[Data entries]

━━━━━━━━━━━━━━━━

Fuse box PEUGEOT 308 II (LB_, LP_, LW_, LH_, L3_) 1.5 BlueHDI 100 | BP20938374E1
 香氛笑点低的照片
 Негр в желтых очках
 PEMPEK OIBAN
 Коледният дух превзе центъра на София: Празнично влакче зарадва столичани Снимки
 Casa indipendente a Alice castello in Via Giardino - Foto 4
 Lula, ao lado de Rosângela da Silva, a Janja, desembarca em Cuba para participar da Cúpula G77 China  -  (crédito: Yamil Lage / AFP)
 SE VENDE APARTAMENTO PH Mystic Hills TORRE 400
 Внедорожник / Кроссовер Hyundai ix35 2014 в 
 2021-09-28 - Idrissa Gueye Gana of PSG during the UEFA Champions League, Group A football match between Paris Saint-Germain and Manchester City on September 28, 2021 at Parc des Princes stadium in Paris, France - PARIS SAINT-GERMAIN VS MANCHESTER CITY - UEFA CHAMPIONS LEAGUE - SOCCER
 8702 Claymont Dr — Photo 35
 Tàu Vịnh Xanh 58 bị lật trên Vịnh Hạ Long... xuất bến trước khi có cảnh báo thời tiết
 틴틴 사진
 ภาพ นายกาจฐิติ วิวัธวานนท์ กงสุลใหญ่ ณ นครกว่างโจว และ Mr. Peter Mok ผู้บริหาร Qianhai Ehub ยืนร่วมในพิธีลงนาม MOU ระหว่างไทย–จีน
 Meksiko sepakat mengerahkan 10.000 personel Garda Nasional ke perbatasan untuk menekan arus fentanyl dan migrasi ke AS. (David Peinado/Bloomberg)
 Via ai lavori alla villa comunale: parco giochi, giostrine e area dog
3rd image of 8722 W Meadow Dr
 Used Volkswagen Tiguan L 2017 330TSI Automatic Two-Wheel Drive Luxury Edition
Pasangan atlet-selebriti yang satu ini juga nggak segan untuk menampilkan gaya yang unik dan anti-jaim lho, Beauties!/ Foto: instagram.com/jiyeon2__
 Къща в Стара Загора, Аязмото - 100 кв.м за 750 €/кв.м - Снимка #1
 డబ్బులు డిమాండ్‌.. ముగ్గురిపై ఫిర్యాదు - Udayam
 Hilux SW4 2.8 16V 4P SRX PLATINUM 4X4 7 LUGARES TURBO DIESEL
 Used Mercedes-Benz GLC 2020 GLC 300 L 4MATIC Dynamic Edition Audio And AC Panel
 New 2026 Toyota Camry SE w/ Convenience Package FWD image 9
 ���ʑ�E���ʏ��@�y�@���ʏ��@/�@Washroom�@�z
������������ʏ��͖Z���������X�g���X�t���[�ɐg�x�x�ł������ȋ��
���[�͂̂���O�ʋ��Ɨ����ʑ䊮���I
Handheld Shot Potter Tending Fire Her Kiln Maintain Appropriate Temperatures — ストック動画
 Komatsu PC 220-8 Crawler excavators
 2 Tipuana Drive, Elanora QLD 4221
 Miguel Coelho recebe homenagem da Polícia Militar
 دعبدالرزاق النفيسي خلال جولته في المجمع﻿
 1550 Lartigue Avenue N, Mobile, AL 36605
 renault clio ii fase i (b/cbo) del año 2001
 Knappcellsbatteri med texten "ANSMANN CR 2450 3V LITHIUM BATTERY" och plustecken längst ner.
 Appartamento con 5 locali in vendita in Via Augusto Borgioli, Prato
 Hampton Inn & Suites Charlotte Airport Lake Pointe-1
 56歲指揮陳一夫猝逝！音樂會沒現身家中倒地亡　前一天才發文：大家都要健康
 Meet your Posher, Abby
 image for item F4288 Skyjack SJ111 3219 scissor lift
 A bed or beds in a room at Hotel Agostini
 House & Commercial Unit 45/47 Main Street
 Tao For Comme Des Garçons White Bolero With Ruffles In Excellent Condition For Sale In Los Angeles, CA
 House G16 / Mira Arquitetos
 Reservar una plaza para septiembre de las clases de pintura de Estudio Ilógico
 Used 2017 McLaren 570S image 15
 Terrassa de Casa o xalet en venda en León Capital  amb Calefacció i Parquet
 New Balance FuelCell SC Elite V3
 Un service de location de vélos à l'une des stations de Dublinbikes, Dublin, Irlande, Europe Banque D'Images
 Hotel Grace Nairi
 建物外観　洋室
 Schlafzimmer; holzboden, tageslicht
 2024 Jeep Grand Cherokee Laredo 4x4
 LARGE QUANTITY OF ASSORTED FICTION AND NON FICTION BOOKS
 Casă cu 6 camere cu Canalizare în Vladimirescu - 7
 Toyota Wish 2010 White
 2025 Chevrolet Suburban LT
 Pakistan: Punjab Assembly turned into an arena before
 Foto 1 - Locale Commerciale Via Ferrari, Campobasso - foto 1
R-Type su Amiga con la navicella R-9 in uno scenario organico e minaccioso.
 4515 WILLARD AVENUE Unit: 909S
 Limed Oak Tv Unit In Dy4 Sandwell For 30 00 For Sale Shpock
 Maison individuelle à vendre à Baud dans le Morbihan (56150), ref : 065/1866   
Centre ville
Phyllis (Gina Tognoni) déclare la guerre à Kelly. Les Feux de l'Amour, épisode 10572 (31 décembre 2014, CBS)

━━━━━━━━━━━━━━━━

▶ **ASSIGNMENT**: Show each line in the entries that holds the string "Hotel".

▶ **WRITTEN RESPONSE**:
 A bed or beds in a room at Hotel Agostini
 Hotel Grace Nairi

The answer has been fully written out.